Rückblick

Fronleichnam in Eching

Bei strahlendem Sonnenschein, so als wollte der Herrgott seinen Gläubigen ein Zeichen schicken, beging die katholische Gemeinde St. Andreas in Eching den Feiertag Fronleichnam. Der Festgottesdienst, der heuer zum ersten Mal unter freiem Himmel auf dem Bürgerhausplatz abgehalten wurde, und die Prozession standen ganz unter dem Motto des Friedenfindens.
Die vom PGR und anderen Helfern aufgebauten Bierbänke waren gut mit Echinger Gläubigen gefüllt, die dem von Orgelklängen begleiteten Gottesdienst beiwohnten.

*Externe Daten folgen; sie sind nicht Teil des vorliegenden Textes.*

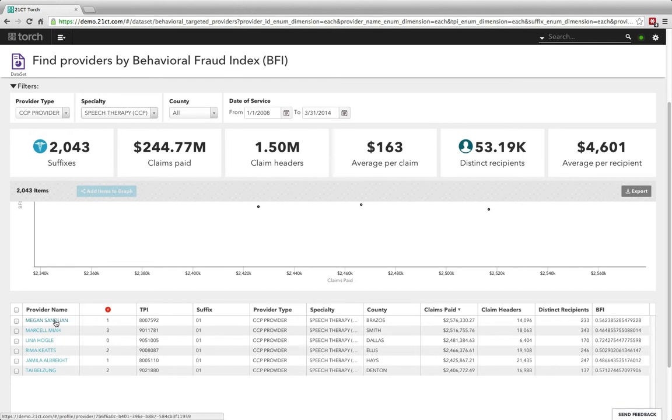In this case we can see some providers that were up in the top right corner of this particular scatter plot that score highly on the behavioral fraud index as well as have a high number of total claims paid.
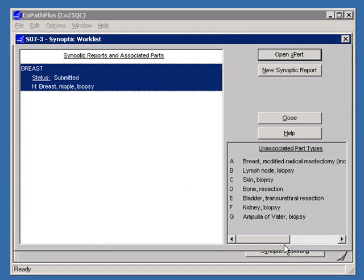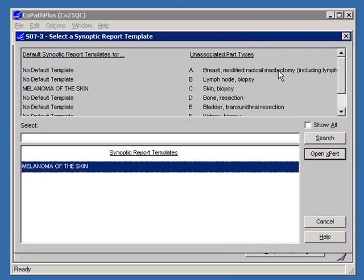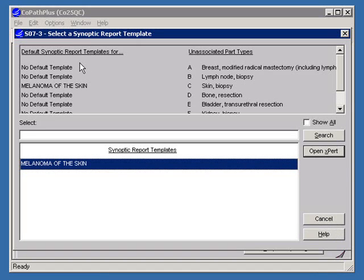We have launched the Synoptic Worklist. At the right side on the bottom, we can see all the part types that do not have synoptic reports completed for them. Here, we can choose to work on an existing report or open a new report. Default synoptic templates can be assigned in the CoPath library for each of the synoptic reports. As you can see in the list of part types for this case, the system has not assigned default checklists for the majority of our part types.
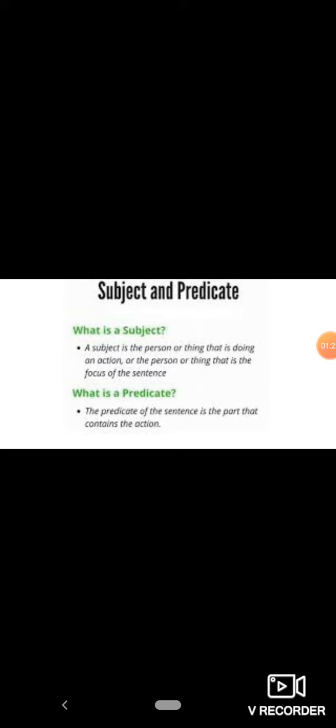Subject is the part of the sentence where we find out about the action. The person who is performing the action is called the subject. The subject is what or whom the sentence is about. Sentence किस बारे में है, उसको subject कहते हैं, ठीक है?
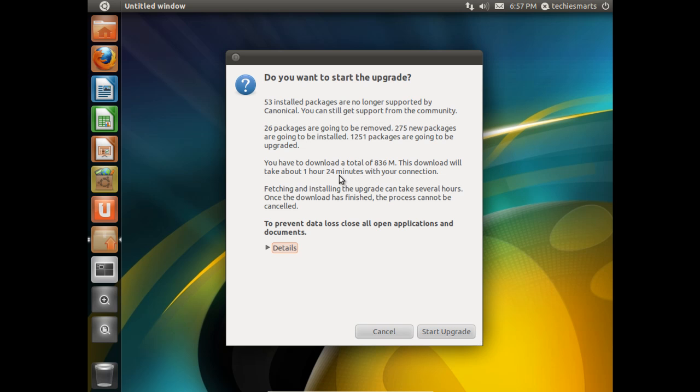This could actually be a little better than an hour and 24 minutes, or it could be a little quicker than an hour and 24 minutes, all depending on your broadband internet connection. It'll also let you know that fetching this information could take a little while. Once the download has finished, you cannot cancel the update. Prior to the download being finished, you can cancel the update.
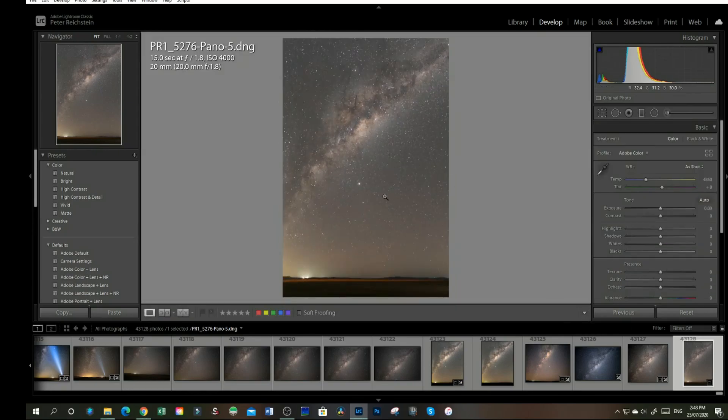And there we have one image, created from six, by using the panorama feature in Lightroom.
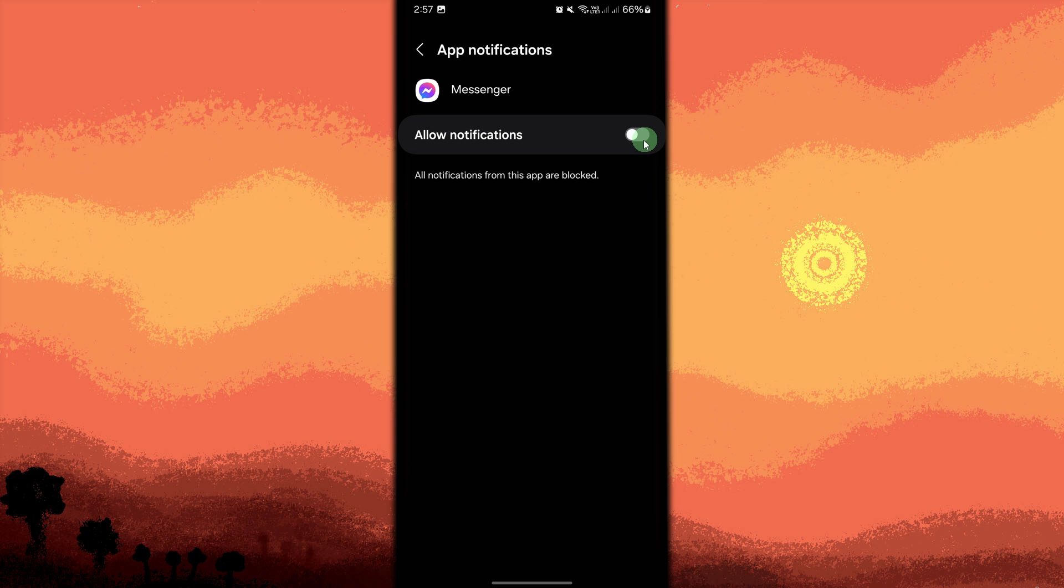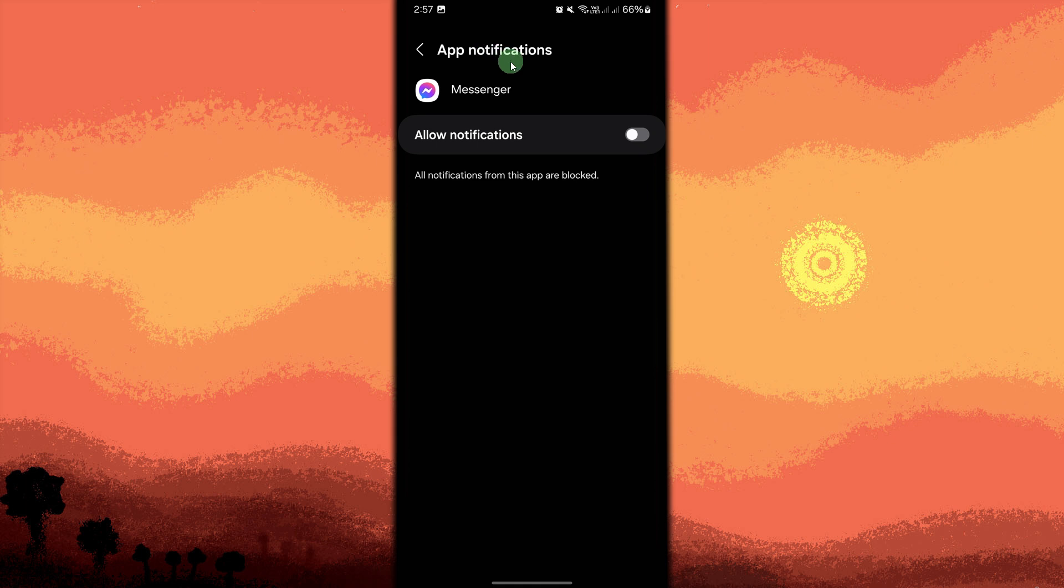Customize notifications silent mode. Still on the app notifications for Messenger, under the alert section, choose silent or turn off just sound notifications, leaving the visual notifications on.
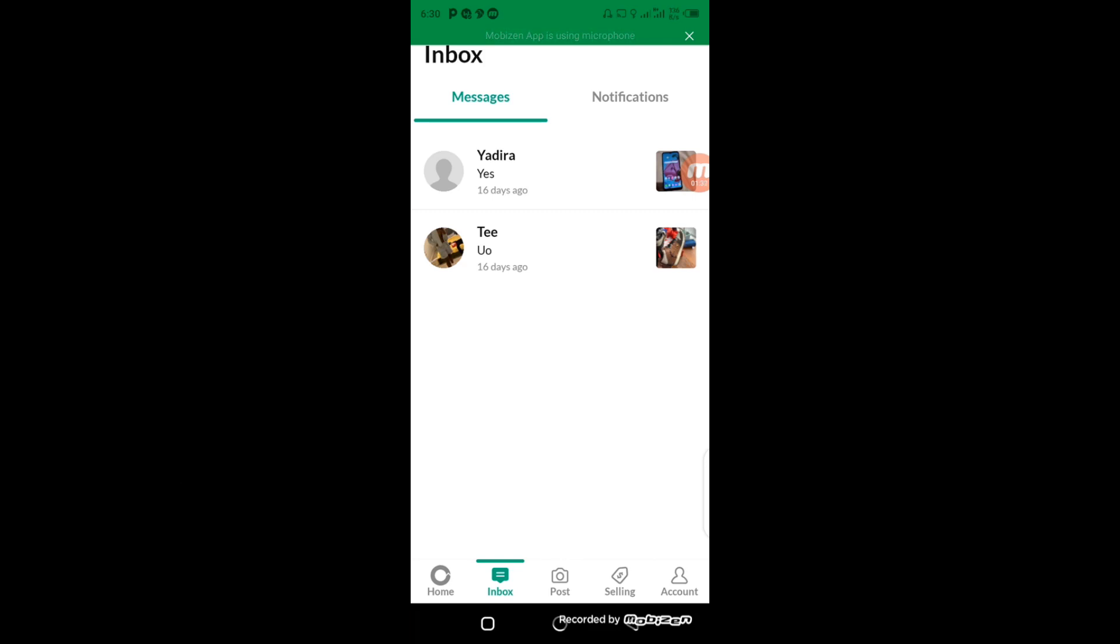use OfferUp effectively. I hope you guys learned one or two things in this video, and I hope to see you in my next video. Thanks for watching, and I'll see you soon. Bye!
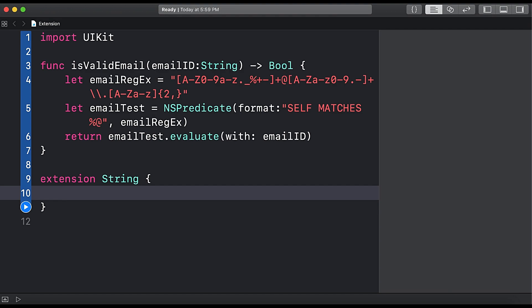In this tutorial we are going to write the function to check whether the email is valid or not inside our extension, and we are going to extend that function to our String class. So here you can see from line number three we write the function isValidEmail that accepts emailID as a parameter, so we are going to use the same function inside the extension class for the string.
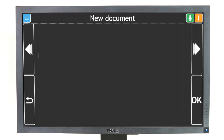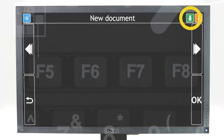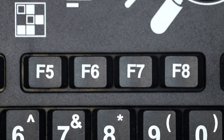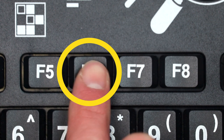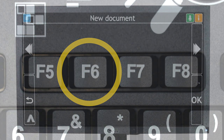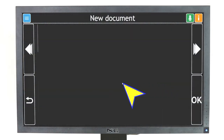GuideConnect will tell you when Voice Input is available and a green speaker button will appear near the top right of the screen, next to the yellow help button. If you're using a keyboard and mouse, press F6 on your keyboard or click the Voice Input button with your mouse to begin speaking.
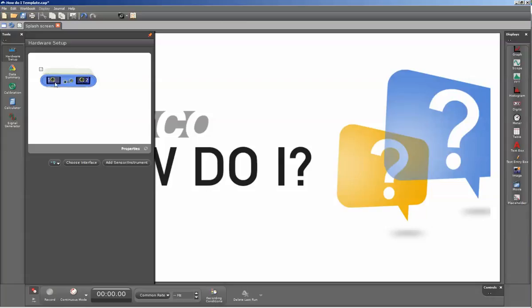I have my interface connected. I'm now going to connect my digital adapter to port 1. Once I've done that, I can see that I have the two ports listed here.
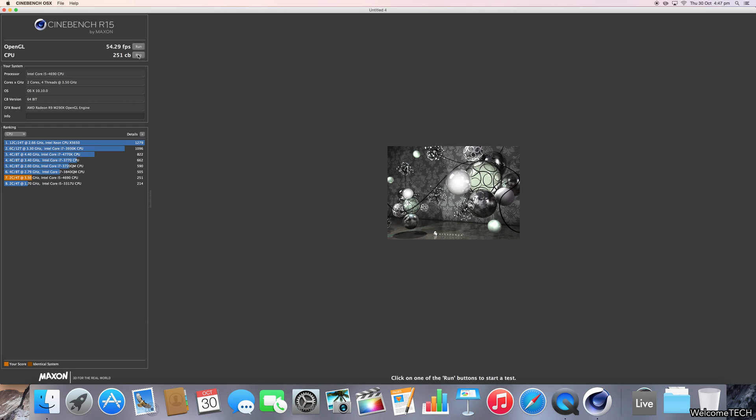And so there we go. It has a CPU score of 251cb, which I'm not too sure what it means, but anyway, there we go.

Die anschließende Prozession, die musikalisch von der Echinger Blaskapelle St. Andreas begleitet wurde, hatte ihren ersten Halt am Echinger Stachus. Hier hatte der Frauenbund den Altar gestaltet, der vor allem in Grün und Gold gehalten war. Darauf waren die christlichen Symbole Alpha und Omega, die Flammen und das Kreuz auf blauem Grund zu sehen. Auch hatten die Vertreterinnen die Fürbitten vorbereitet, in

denen sie nicht nur um Frieden in der Ukraine baten, sondern auch die Echinger Gemeinde einschlossen. Gleich zu Beginn der Prozession hatten Lektoren und Gemeinde den Friedensgedanken aufgegriffen und darum gebetet, dass jeder als „Werkzeug des Friedens“ in seinem Umfeld etwas bewirken kann.
Weiter führte der Weg die Bahnhofstraße entlang, wobei ein Ministrant seine Gedanken zum Krieg in der Ukraine in einem bewegenden und nachdenklich stimmenden Gebet kundtat. Weiter verlasen auch neue, junge Lektoren diverse Texte, die in den Köpfen und Seelen der Prozessionsteilnehmer/innen nachhallten. So wurden die täglichen Herausforderungen unseres Lebens, aber auch der Dank für die Schöpfung und unsere Sorge um die Schöpfung in Gebeten vor Gott gebracht. Zum Nachdenken regte zum Ende der Prozession ein meditativer Text über die Wege, die vor und hinter uns liegen, an. Der zweite Altar, von der Pfarrjugend gestaltet, befand sich in der Ostpreußenstraße. Hierbei handelte es sich um ein großes Schachfeld: In den Fürbitten wurde deutlich, dass wir oft vor Entscheidungen und Herausforderungen stehen und wir dabei unterschiedliche Wege gehen können – ähnlich den Schachfiguren auf dem Schachfeld.
Auf dem Friedhof von Neu-Andreas konnte der opulent mit Fahnen und Blumen geschmückte dritte Altar von den Landfrauen bewundert werden. Dieser stellte das Herz Jesu dar. Den Abschluss bildete der Altar auf dem Bürgerhausplatz, wo die Fürbitten des PGR alle Mitglieder der Gemeinde einschlossen, Alt und Jung, Familien, Kranke und alle die ihr Glück in Eching suchen oder schon gefunden haben.
Im Anschluss an die liturgischen Feierlichkeiten verteilte der PGR, unterstützt von Jugendlichen der Pfarrei, Brezen und Getränke. Hierbei entstanden anregende und angeregte Gespräche und es wurde viel gelacht. Dieses Zusammenkommen tat den Menschen sichtlich gut. Trotz der etwas höheren Temperaturen teilten viele Echinger mit, dass sie sehr angetan von dem gelungenen Gottesdienst mit anschließendem Zusammensein, waren. Ein herzliches „Vergelt´s Gott“, an alle Helfer/innen im Vorder- oder Hintergrund, die zum Gelingen der Veranstaltung beigetragen haben. Ein besonderer Dank gilt unserem Mesner, der schon vor Sonnenaufgang den Altar am Bürgerhaus aufgebaut und geschmückt hat.